Atelier 20 - 2021 - sujet 3 image 8
Papily
Un après-midi pluvieux, me voici plongée dans la boîte à photos. Je retrouve celle-ci et les souvenirs affluent.
Petite fille, nous quittions la ville dès les vacances et nous séjournions dans notre maison à la campagne, nichée dans un petit village.
Un jour, pas plus haute que trois pommes, je m’étais sauvée et j’avais rejoint un vieil homme assis devant sa maison. Sans cérémonie, je lui avais collé ma poupée dans les bras et lui faisais la conversation. Mes parents m’avaient au début sermonnée, mais dès qu’ils avaient le dos tourné, j’y retournais. De guerre lasse, ils avaient abandonné.
Papily, je l’avais surnommé ainsi, était l’ancien épicier du village. Sa maison jouxtait le petit commerce. Son fils avait repris l’affaire et le père donnait de temps en temps un coup de main.
C’était un bel homme avec d’épais cheveux blancs, ses yeux d’un bleu profond pouvaient exprimer malice, bienveillance et intérêt mais ils pouvaient virer au bleu nuit s’il était en colère ou contrarié.

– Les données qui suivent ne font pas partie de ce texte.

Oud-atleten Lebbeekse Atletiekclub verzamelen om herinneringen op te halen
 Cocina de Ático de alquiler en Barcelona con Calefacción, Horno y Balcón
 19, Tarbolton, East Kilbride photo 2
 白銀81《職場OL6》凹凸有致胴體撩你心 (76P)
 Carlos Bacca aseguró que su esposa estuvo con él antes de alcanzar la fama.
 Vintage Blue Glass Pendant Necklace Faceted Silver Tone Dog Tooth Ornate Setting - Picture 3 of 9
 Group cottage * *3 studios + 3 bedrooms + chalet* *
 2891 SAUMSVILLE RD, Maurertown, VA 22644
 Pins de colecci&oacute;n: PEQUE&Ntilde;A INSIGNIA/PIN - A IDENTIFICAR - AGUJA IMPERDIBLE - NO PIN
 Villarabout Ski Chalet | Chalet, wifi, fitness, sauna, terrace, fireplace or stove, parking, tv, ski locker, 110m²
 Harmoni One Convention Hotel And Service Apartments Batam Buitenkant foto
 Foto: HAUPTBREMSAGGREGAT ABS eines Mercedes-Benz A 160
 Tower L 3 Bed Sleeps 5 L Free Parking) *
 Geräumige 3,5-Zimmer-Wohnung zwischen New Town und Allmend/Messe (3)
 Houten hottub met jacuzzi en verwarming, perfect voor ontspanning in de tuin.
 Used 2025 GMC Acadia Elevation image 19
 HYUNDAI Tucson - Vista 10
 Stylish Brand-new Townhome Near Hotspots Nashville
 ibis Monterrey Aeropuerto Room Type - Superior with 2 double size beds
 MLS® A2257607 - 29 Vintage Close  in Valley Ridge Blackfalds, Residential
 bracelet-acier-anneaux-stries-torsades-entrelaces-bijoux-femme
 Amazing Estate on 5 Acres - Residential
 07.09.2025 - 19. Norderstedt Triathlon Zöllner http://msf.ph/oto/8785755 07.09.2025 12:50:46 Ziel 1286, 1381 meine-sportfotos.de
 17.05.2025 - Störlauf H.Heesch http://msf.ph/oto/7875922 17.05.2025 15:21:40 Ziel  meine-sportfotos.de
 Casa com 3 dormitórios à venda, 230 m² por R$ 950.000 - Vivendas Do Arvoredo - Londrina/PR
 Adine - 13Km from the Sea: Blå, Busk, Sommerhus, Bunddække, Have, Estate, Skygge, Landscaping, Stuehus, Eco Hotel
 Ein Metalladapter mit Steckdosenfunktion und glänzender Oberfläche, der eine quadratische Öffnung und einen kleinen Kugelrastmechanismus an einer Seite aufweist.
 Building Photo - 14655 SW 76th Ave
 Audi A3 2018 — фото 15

C’était un taiseux, disaient les gens du village, mais ce trait de caractère ne me freinait pas car je parlais pour deux.
Fidèle à son poste, il m’attendait toujours sous sa tonnelle, été comme hiver. J’ai su bien plus tard que Maman contactait son fils avant notre arrivée.
Papily m’avait fabriqué une petite chaise en bois, ainsi je pouvais venir babiller à ses côtés. Je partageais avec lui mes goûters et bonbons. Maman avait surpris notre manège et améliorait mon ordinaire avec des parts de gâteaux ou de tranches de pain faits maison. Notre festin était complété par du jus de pomme et des confitures fabriqués par le vieil homme. L’hiver j’avais droit à un chocolat bien au chaud dans sa cuisine. Après le goûter, il sortait son harmonica et me jouait des airs endiablés. Il m’avait appris à battre la mesure avec mes mains et mes pieds. On nous entendait de loin dans le village. Parfois, une connaissance se joignait à nous et la maisonnette résonnait de chants, musiques et rires.
Quand je fus un peu plus âgée, il m’offrit mon propre instrument. D’une patience infinie, il guidait mes doigts et m’encourageait. Je pus bientôt jouer quelques airs avec lui.
Son autre passion était la nature et surtout les oiseaux. Son jardin bruissait de leurs chants et était agrémenté de petites maisons pour nicher, des mangeoires et des abreuvoirs. Il passait son temps à les fabriquer lui-même.
Il m’appelait «sa petite hirondelle», comme elle je pépiais sans arrêt et je repartais pour d’autres contrées dès la fin des vacances.
Nous partions en balade tous les deux, il m’apprenait à reconnaître les arbres et le cri des oiseaux. Papily sculptait des petits sifflets dans des écorces d’arbre et nous pouvions imiter le chant de certains oiseaux. A la morne saison, nous faisions un feu en plein air et nous faisions griller des chamallows. Nous sortions ensuite nos harmonicas et nous faisions concurrence aux oiseaux. Que de complicité !
Un jour, pas de Papily, seule une petite maison m’attendait (cette dernière est toujours dans mon jardin) accompagnée d’un petit mot :
« Petite hirondelle, j’ai rejoint le monde des oiseaux et de là-haut je chanterai toujours dans ton cœur. Ecoute-le, reste libre, vis. Ton Papily ».